At last I felt I'd done enough. I dried off, dressed in clean clothes, combed my hair. I rejoined the men in the main room feeling tired but at least somewhat renewed.

I could see that I'd emerged at just the right time. Though he cared about Phillip, Quill was anxious to get back to his brother. I felt his restlessness in the hug I could finally accept.

"Thanks," I said, giving him a last pat. "Now go on." He hurried out gratefully, and I settled in to wait out the night.

Phillip slept, eventually, but not deeply and not well. When he relaxed too far, the accident replayed itself in his mind's eye, bringing him awake with a grasp. The TV provided inadequate, impersonal distraction. I moved to sit on the bed with him, talking his fears away so he could rest a little more.

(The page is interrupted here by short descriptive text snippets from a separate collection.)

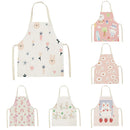 Axyaa Cute Kitten Kitchen Apron for Women and Kids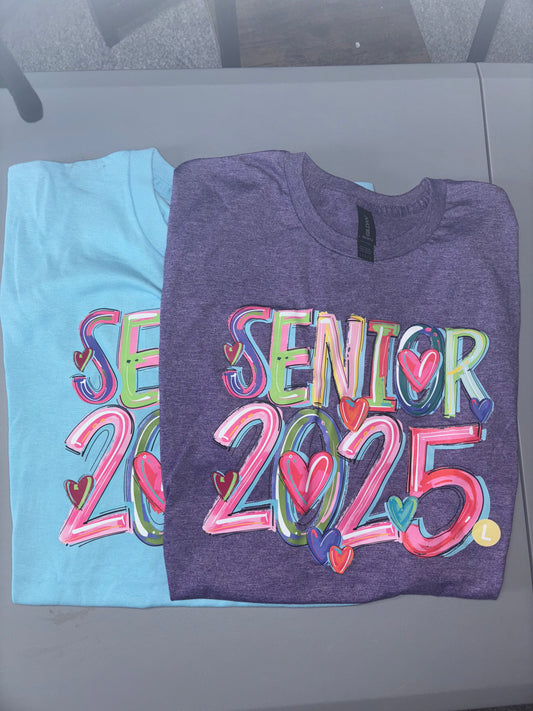Senior 2025 Heart Tshirt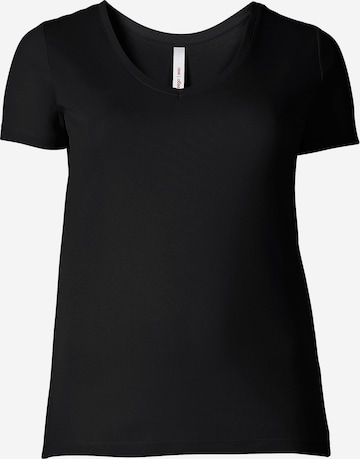 melns SHEEGO T-Krekls: no priekšpuses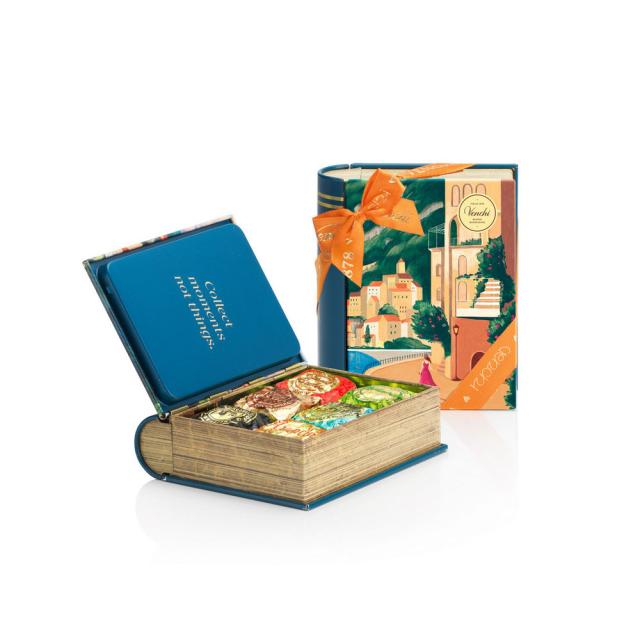 ハロウィン クリスマス お歳暮 ギフト ヴェンキ ミニブック缶 ラゴ ディ コモ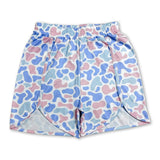 Pink blue camo adult women summer shorts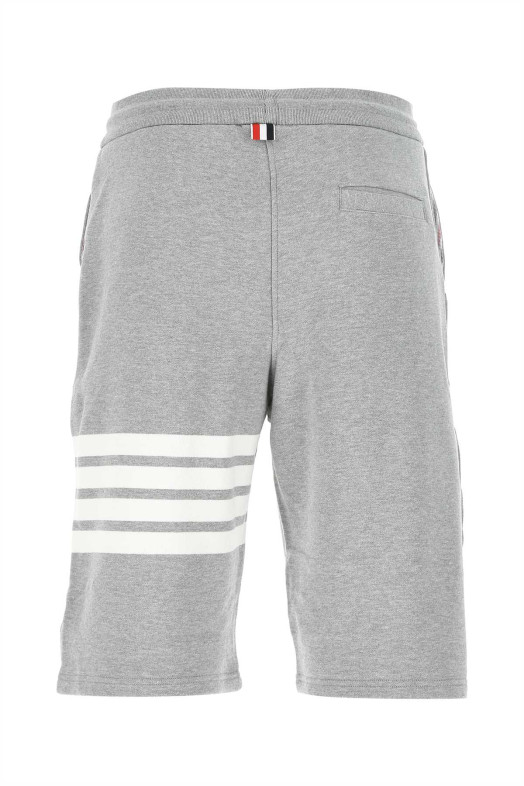 Melange grey cotton bermuda shorts THOM BROWNE (MJQ012H00535)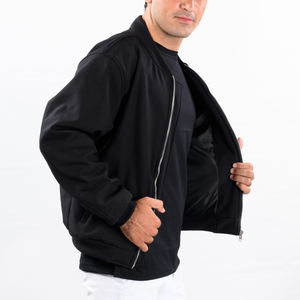 Chaqueta Bomber para Hombre al por Mayor, Personalizada, con Decoración de Piel, Nuevo Diseño, Moderna, Transpirable, Blanca, para Invierno - Product Image 1
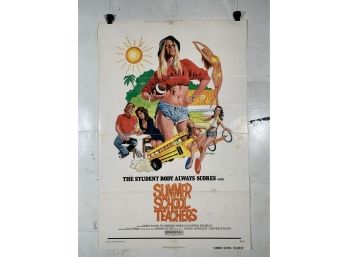 Vintage Folded One Sheet Movie Poster Summer School Teachers 1975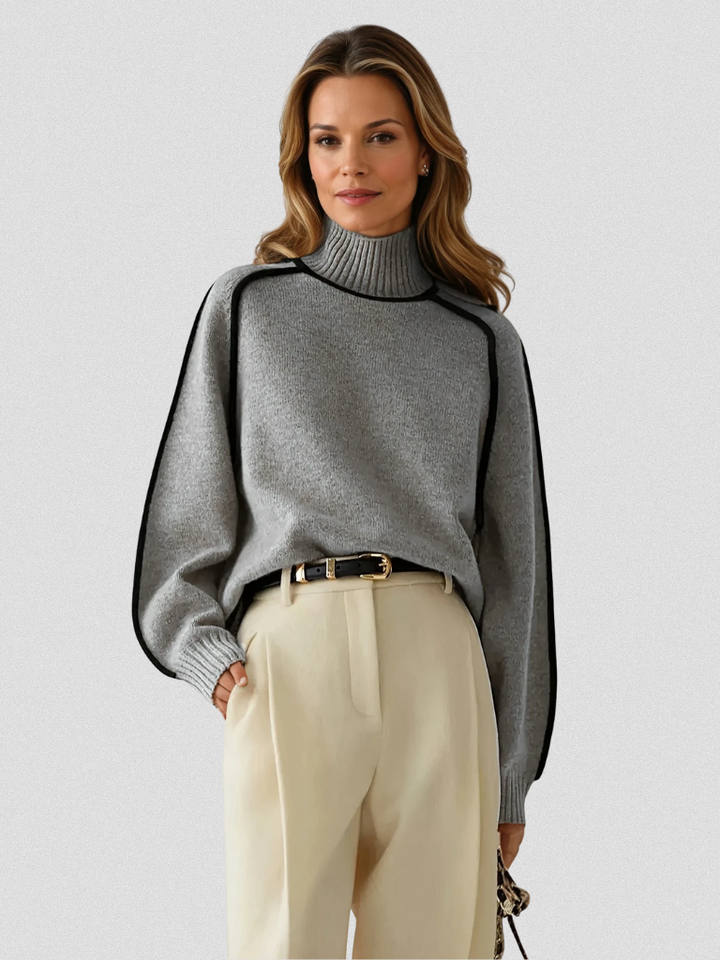 ELOISE CONTRAST SWEATER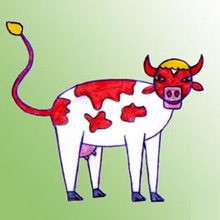 COW drawing lesson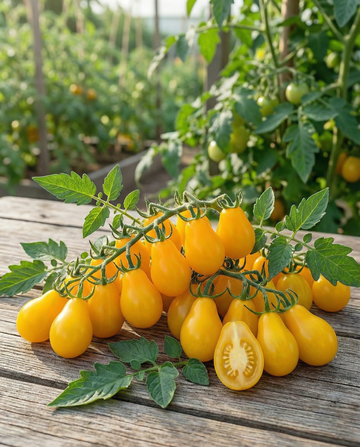 Tomate-cereja pera amarelo (Solanum lycopersicum) – sementes de hortaliça anual da SeedsChoice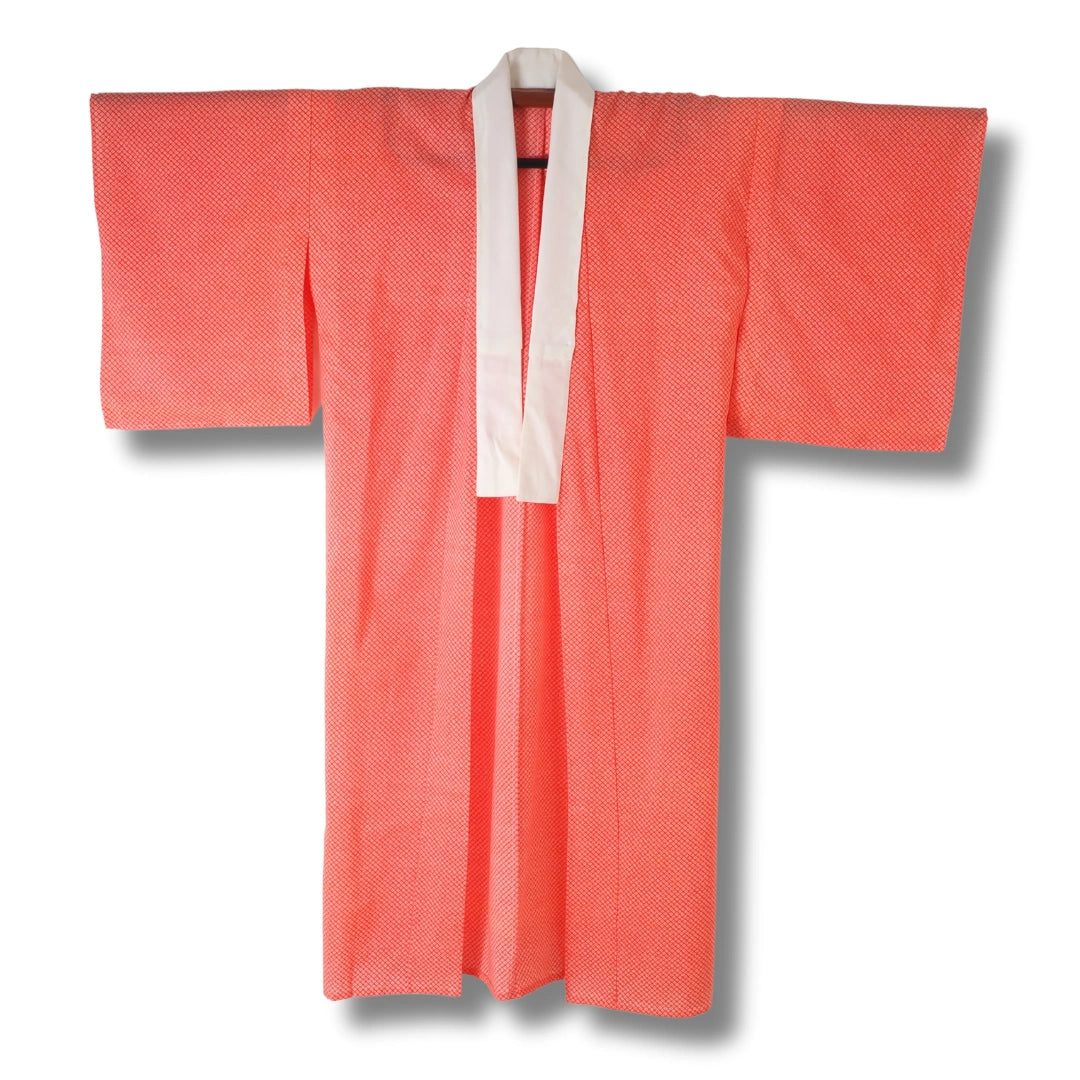 Vintage Damen Naga-Juban koralle mit feinem Muster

While he dozed, I made a quick blog entry, knowing Bill had already announced the accident at the concert, and set up a special forum in the Basement for get-well wishes. I dropped a few lines in my online journal as well, knowing my friends would respond with as much concern for me as for those who were injured. And then I wrote it all out in my most private pen-and-paper journal, again and again until I could think about something else.

Toward dawn, I dropped into a light alpha state, resting but not really sleeping, still alert for Phillip's stirring. When I roused us for the morning departure, my eyes, like a cheap detective novel, were hot and gritty.

Bad analogy, Kielle. You need some real sleep.